Rinehart’s gong is her fifth in a row. Rising market valuations of her mining companies saw her personal wealth jump by another $3.2 billion over the past year.
Australia’s 10 wealthiest people are now worth $222.6 billion, and the top 200 a collective $625 billion – up by 11% increase.
Meriton, whose serviced apartments towers have been prominent feature of the skylines in Sydney, Brisbane and the Gold Coast, last year officially made its first expansion in Melbourne. The 57-level 140 King Street tower opened with 298 rooms and is the 23rd Meriton Suites hotel opened by Triguboff, who launched the business 61 years ago. The Meriton business also now incorporates 29 childcare centres that are built or under construction.
In the past year, Triguboff also returned to Brisbane after a decade, paying $130 million for a large CBD site in a complicated and protracted deal with 87 individual unit owners.
Rinehart, meanwhile, has continued to reshape her extensive property portfolio, and has a key figured in multiple major agricultural transactions in recent times.
Her Hancock Prospecting has just settled on the $8.6 million acquisition of mixed-farming property Chrome Park in Victoria’s Western District.
Last year, Rinehart furthered her selldown of S. Kidman & Co cattle stations across the Northern Territory and Queensland, with four stations spanning 2.4 million hectares of and selling for more than $200 million.
That was followed by the purchase of two Wagyu cattle breeding properties from Canberran billionaire Terry Snow’s Packhorse Pastoral Company for $80 million, and in December, she bought the 1,918-hectare Split Rock Dairy in northern NSW that will be used to expand Hancock Agriculture’s Wagyu cattle backgrounding capacity.
Also last year Rinehart reportedly paid more than $20 million for 2,000 hectares of mixed farmland in south west Western Australia.
Rinehart has also been expanding her broader commercial real estate portfolio.
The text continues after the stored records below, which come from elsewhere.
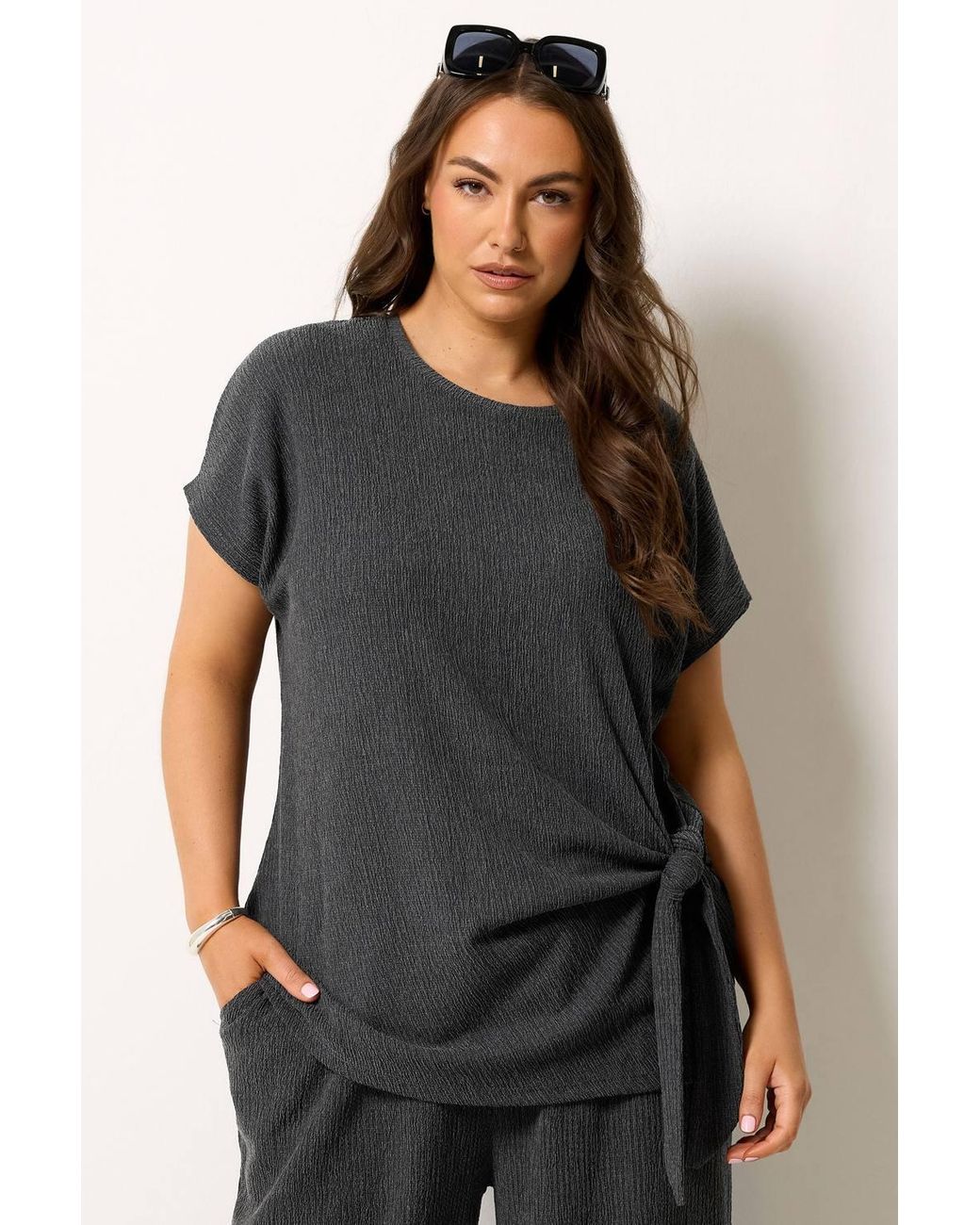 Yours Black Side Knot T-Shirt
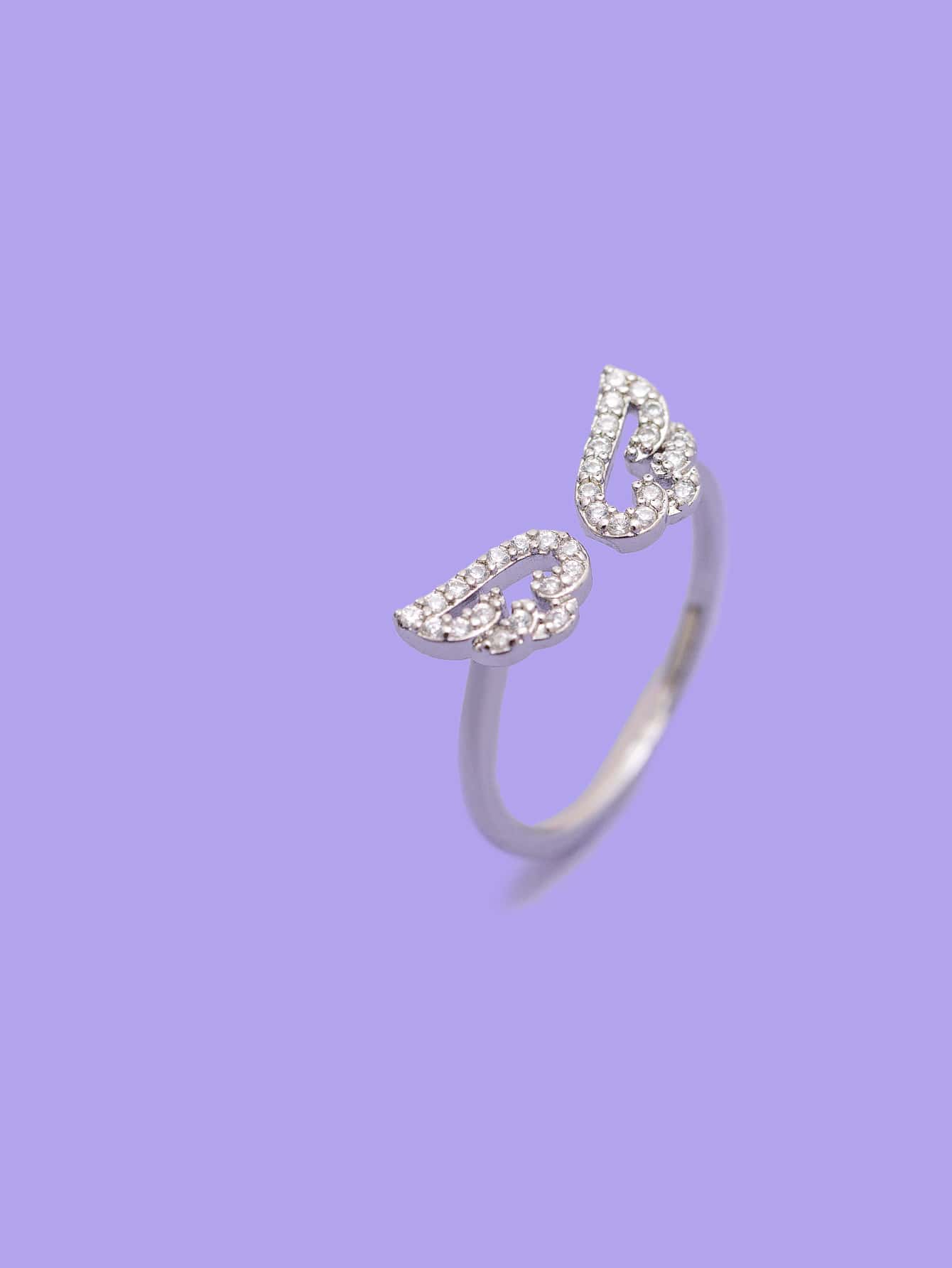 Wing Decor Cuff Ring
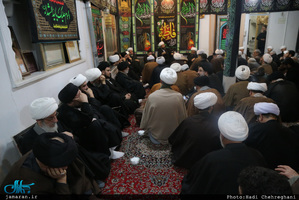مراسم عزادارى شهادت حضرت فاطمه زهرا(س) در بيت آيت الله دوستى زنجانى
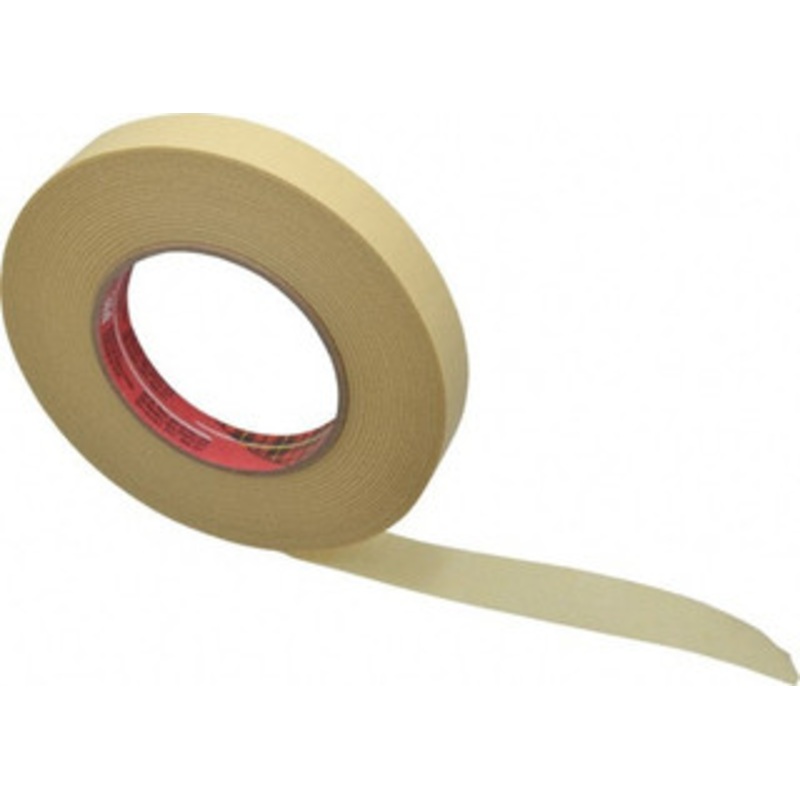 3M 3/4 Wide x 180 ft. Long x 7.9 mil Tan Paper Masking Tape Rubber Adhesive, 29 Lb/In Tensile Strength, Series 2693 7000088391 – 06270425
In November, she splashed out $240 million on the 175 Eagle Street Brisbane office building owned by a Charter Hall fund, which followed her $100 million purchase earlier in 2023 of 70 Eagle Street from US funds group Pembroke.
Third on the 2024 Rich List is Atlassian co-founder Mike Cannon-Brookes and his former partner Annie Cannon-Brookes at $24.4 billion – they appear together on the list as it is understood no asset separation has taken place, according to the Financial Review – and his co-founder Scott Farquhar is fifth with $22.9 billion. They have traded the title of owners of Australia’s most expensive homes in recent years, beginning with Farquhar’s $71 million purchase the Elaine estate in Point Piper. The Cannon-Brookes topped that a year later $100 million acquisition of the Fairwater Estate next door – both were acquired from the Fairfax family – before Farquhar wrestled back the title with the $130 million buy of Point Piper’s Uig Lodge at the end of 2022.
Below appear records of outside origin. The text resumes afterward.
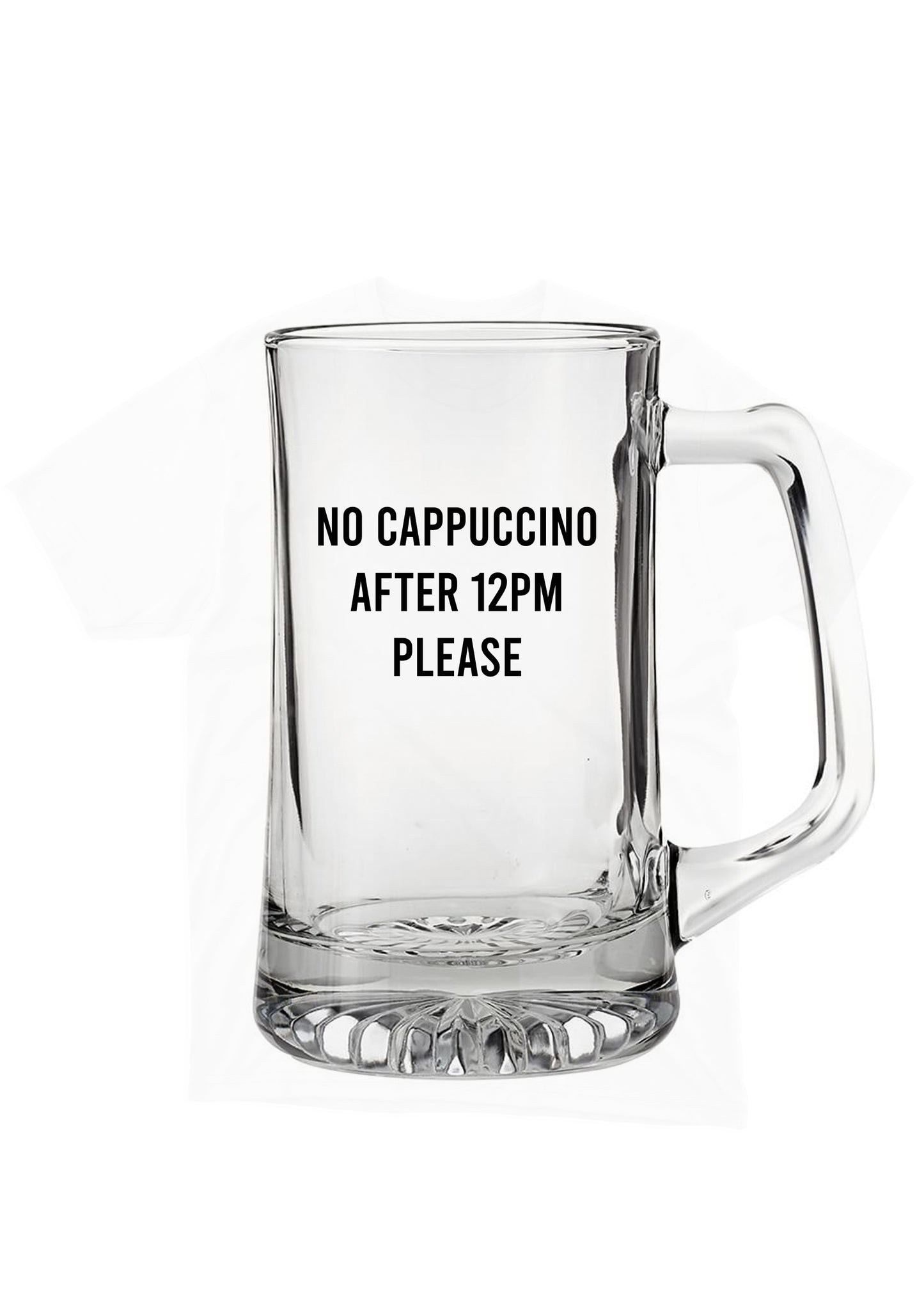 mugs - no cappuccino after 12pm please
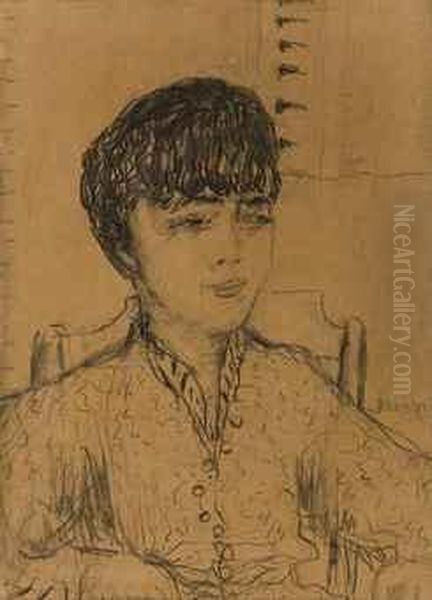 Portrait De Madame Nana Winding Oil Painting by Pierre Bonnard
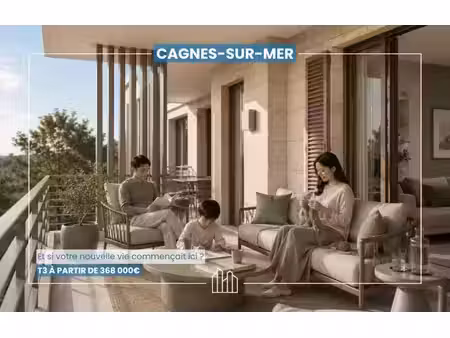 vente appartement neuf 3 pièces 62m2 cagnes-sur-mer - 368000 € - surface privée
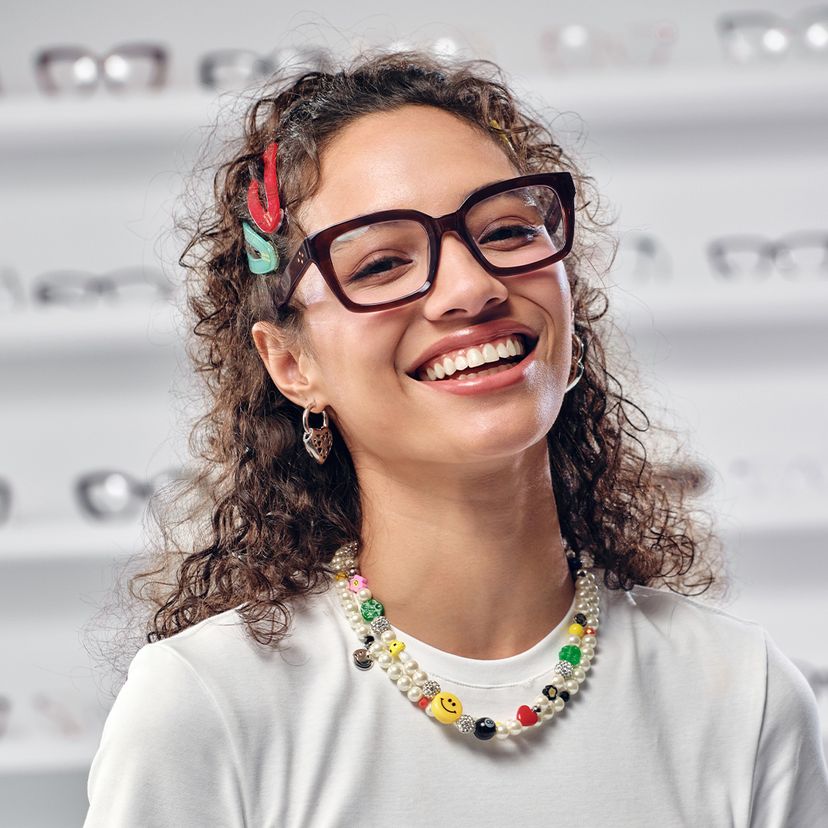 Marley Dark Brown Rectangle Glasses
Farquhar’s title would likely be smashed with a sale of Aussie Home Loans founder John Symond’s Point Piper waterfront mansion Wingadal, which was listed at the start of this month with expectations of more than $200 million.
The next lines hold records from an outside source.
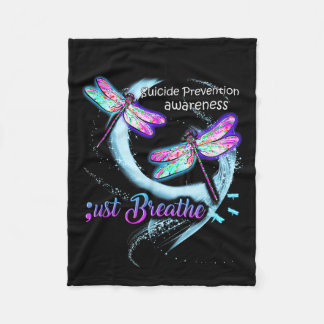 Suicide Awareness Shirt Just Breathe Suicide Preve Fleecedecke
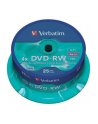 DVD-RW Verbatim 4x 4.7GB (Cake 25) MATT SILVER - nr 16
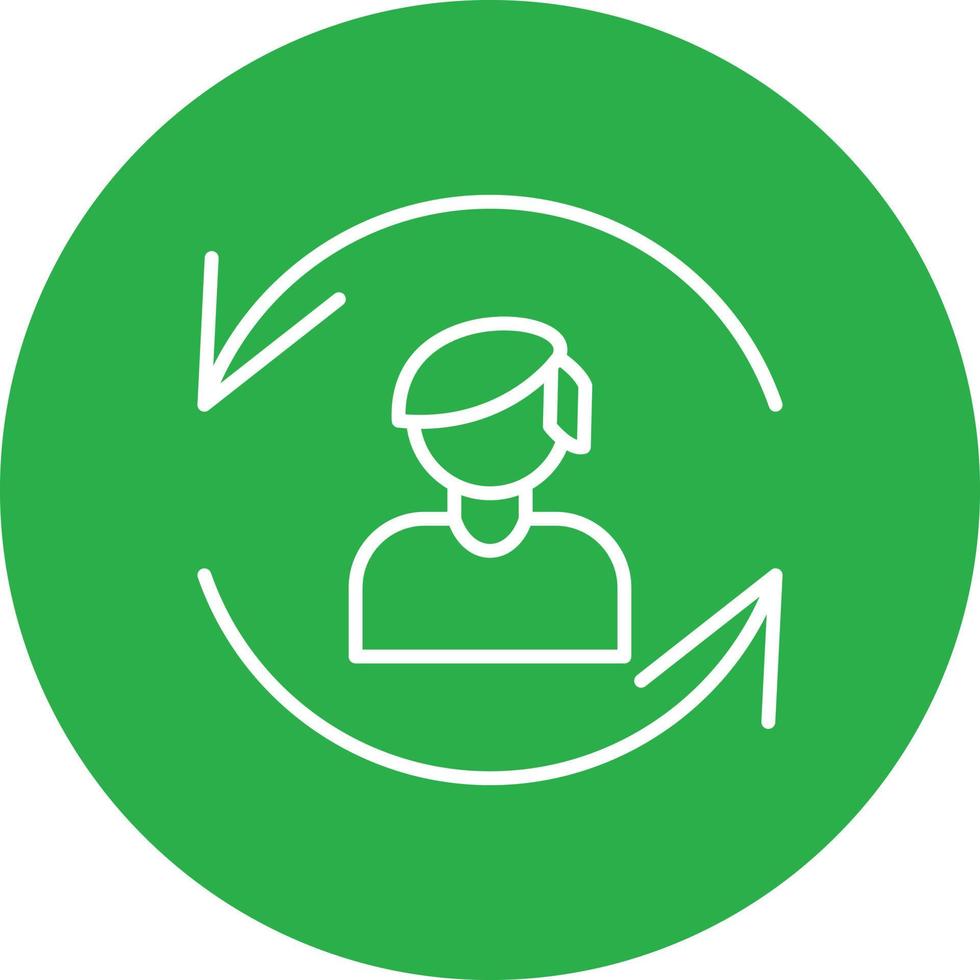 Conversion Line Circle Multicolor vector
Recently-split couple Nicola Forrest and Andrew “Twiggy” Forrest appear at eventh and eighth on the list, with respective fortunes of $16.9 billion and $16.8 billion after their assets were separated. Their Fortescue Metals Group in the past year acquired Australia’s biggest sheep station – the 1.011 million-hectare Rawlinna Station in Western Australia – while early in 2023 they picked up Australia’s first Waldorf Astoria Hotel, in Sydney’s Circular Quay, in a circa $520 million deal.